I need some help. I'm traveling on a train for the first time alone and I'm leaving from Bridgeport , CT to Portland, ME. However, I'll be stopping in Boston. Now, I vaguely understand what I have to do but I just need some guidance! My ticket says I'll be arriving in Boston Back Bay at 7:54, then it says I have to self transfer to North Station at 10:00. I know I have to take the "T" or the Orange Line, but I'm just really worried about not making it to my train to Portland and being stuck in Boston alone! Can anyone tell me exactly what I have to do? Like, is 10:00 PM the time the train from Back bay goes to North Station? Do I have to stay at Back Bay for two hours until then? And how do I get to the self transfer when I get off the train at Back Bay? Please, I just need some help and any would be appreciated! Thank you!


----------



## George Harris (Sep 5, 2012)

As soon as you get in to Back Bay, get on whatever the transport is and go to North Station. It is best to be at North Station before train time. You should NOT wait at Back Bay. I hope that is 10:00am, not 10:00pm. You should be able to go on line and find out all you need to know about public transport in Boston. At least that works for other cities. I have never tried it for Boston.


----------



## PRR 60 (Sep 5, 2012)

George Harris said:


> As soon as you get in to Back Bay, get on whatever the transport is and go to North Station. It is best to be at North Station before train time. You should NOT wait at Back Bay. I hope that is 10:00am, not 10:00pm. You should be able to go on line and find out all you need to know about public transport in Boston. At least that works for other cities. I have never tried it for Boston.

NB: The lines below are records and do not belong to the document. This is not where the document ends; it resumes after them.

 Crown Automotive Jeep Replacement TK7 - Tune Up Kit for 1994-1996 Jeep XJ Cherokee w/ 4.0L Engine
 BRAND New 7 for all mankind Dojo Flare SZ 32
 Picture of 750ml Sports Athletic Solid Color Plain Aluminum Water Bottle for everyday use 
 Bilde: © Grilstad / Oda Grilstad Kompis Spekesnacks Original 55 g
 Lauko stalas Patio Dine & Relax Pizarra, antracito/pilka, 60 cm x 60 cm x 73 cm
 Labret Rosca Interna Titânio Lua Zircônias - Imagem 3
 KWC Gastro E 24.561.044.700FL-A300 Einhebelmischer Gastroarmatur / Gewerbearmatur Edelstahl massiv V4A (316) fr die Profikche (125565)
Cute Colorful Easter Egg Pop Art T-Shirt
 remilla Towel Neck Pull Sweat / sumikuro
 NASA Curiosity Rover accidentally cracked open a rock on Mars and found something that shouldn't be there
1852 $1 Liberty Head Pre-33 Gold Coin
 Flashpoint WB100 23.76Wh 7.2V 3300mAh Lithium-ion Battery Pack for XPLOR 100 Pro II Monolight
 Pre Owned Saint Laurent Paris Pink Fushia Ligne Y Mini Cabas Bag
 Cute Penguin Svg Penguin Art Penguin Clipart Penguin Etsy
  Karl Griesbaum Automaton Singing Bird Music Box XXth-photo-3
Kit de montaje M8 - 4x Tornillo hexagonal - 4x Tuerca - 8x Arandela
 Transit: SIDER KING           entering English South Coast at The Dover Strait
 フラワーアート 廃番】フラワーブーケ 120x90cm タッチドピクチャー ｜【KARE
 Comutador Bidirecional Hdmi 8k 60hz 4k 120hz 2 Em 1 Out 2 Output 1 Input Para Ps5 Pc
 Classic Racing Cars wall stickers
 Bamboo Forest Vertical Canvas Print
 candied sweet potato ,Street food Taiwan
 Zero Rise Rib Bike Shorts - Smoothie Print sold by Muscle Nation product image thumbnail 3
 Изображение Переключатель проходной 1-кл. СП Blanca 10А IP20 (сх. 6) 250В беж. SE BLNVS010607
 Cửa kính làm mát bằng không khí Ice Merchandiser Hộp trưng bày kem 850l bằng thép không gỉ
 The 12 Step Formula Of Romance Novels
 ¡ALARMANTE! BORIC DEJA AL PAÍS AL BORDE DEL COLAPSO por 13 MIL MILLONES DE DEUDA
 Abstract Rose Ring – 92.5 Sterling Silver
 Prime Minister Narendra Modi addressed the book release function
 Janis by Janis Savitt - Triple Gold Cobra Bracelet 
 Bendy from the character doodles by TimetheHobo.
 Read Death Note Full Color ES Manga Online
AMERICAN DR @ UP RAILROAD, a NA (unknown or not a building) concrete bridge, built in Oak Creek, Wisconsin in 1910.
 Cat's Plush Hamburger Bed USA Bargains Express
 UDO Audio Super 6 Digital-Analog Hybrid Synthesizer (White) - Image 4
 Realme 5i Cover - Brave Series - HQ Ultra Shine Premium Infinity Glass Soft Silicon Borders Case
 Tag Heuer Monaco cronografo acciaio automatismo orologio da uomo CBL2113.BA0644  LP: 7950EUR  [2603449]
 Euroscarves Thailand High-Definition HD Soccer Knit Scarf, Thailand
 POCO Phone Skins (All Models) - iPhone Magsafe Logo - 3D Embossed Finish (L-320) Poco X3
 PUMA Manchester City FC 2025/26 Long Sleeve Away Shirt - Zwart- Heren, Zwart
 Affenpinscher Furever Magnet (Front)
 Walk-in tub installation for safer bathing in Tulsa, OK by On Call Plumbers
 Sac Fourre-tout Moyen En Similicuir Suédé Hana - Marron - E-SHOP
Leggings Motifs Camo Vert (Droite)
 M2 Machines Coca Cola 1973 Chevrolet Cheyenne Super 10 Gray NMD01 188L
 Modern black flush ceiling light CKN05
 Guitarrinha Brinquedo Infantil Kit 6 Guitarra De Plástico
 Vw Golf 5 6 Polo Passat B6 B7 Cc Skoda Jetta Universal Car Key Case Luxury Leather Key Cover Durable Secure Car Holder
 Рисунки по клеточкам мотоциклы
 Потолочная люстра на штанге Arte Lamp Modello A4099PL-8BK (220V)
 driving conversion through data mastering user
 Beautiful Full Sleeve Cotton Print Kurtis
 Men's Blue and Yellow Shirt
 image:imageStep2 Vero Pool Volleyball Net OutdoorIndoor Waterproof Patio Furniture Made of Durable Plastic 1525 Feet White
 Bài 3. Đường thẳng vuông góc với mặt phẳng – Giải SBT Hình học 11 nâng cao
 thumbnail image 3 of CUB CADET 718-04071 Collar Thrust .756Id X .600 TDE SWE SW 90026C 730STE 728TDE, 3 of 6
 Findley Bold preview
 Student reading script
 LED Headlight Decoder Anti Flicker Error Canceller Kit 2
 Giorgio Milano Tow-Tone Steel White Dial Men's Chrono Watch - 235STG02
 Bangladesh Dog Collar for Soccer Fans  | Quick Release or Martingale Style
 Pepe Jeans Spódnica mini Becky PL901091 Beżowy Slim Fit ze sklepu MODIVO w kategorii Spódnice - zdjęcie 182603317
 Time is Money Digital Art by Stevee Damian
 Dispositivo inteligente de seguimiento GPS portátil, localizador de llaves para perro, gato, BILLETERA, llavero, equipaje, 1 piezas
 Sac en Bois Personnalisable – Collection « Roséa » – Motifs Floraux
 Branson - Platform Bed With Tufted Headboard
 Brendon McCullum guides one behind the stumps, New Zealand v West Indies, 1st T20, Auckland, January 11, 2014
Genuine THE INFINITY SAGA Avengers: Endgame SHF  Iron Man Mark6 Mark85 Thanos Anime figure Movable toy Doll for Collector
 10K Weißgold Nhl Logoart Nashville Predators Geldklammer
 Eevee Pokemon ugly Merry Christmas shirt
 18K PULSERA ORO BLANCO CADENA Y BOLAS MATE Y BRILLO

In fact it is PM: It is NE Regional #176 (BBY 7:54pm) connecting to Downeaster #689 (BON 11:20pm).

Given the time of day, I would recommend the poster stay on the NE Regional train to South Station (the Back Bay Ticket is OK for South Station) and take a cab to North Station. The cab cost might be $10 to $15 including tip, but in my opinion, it is worth it for convenience and piece of mind.


----------



## darien-l (Sep 5, 2012)

I believe that the confusion here stems from the fact that for some strange reason, Amtrak assigns a train number and departure and arrival times to the Boston "self-transfer". The OP's itinerary looks like this:

176 Northeast Regional

Departs: Bridgeport, CT (BRP) 4:42 PM

Arrives: Boston, MA - Back Bay (BBY) 7:54 PM

2689 Self Transfer

Departs: Boston, MA - Back Bay (BBY) 10:00 PM

Arrives: Boston, MA - North Station Maine Service (BON) 10:10 PM

689 Downeaster

Departs: 11:20 PM Boston, MA - North Station Maine Service (BON)

Arrives: 1:45 AM Portland, ME (POR) Portland, ME

To answer your question, you should just get on any Orange Line train from Back Bay to North Station. They run about every 10 minutes, and are easy to use. You can take a look at the MBTA website for more information: http://www.mbta.com/schedules_and_maps/subway/

I would not go to South Station, unless you have a lot of bags and need help carrying/transporting them. You have more than three hours between your trains, which is plenty of time to figure out how to use the T. The actual subway ride between Back Bay and North Station is about 10 minutes. If I were you, I'd be more worried about what to do in Boston for three hours.


----------



## the_traveler (Sep 6, 2012)

HakunaMatataGirl said:


> HI everyone!
> 
> I need some help. I'm traveling on a train for the first time alone and I'm leaving from Bridgeport , CT to Portland, ME. However, I'll be stopping in Boston. Now, I vaguely understand what I have to do but I just need some guidance! My ticket says I'll be arriving in Boston Back Bay at 7:54, then it says I have to self transfer to North Station at 10:00. I know I have to take the "T" or the Orange Line, but I'm just really worried about not making it to my train to Portland and being stuck in Boston alone! Can anyone tell me exactly what I have to do? Like, is 10:00 PM the time the train from Back bay goes to North Station? Do I have to stay at Back Bay for two hours until then? And how do I get to the self transfer when I get off the train at Back Bay? Please, I just need some help and any would be appreciated! Thank you!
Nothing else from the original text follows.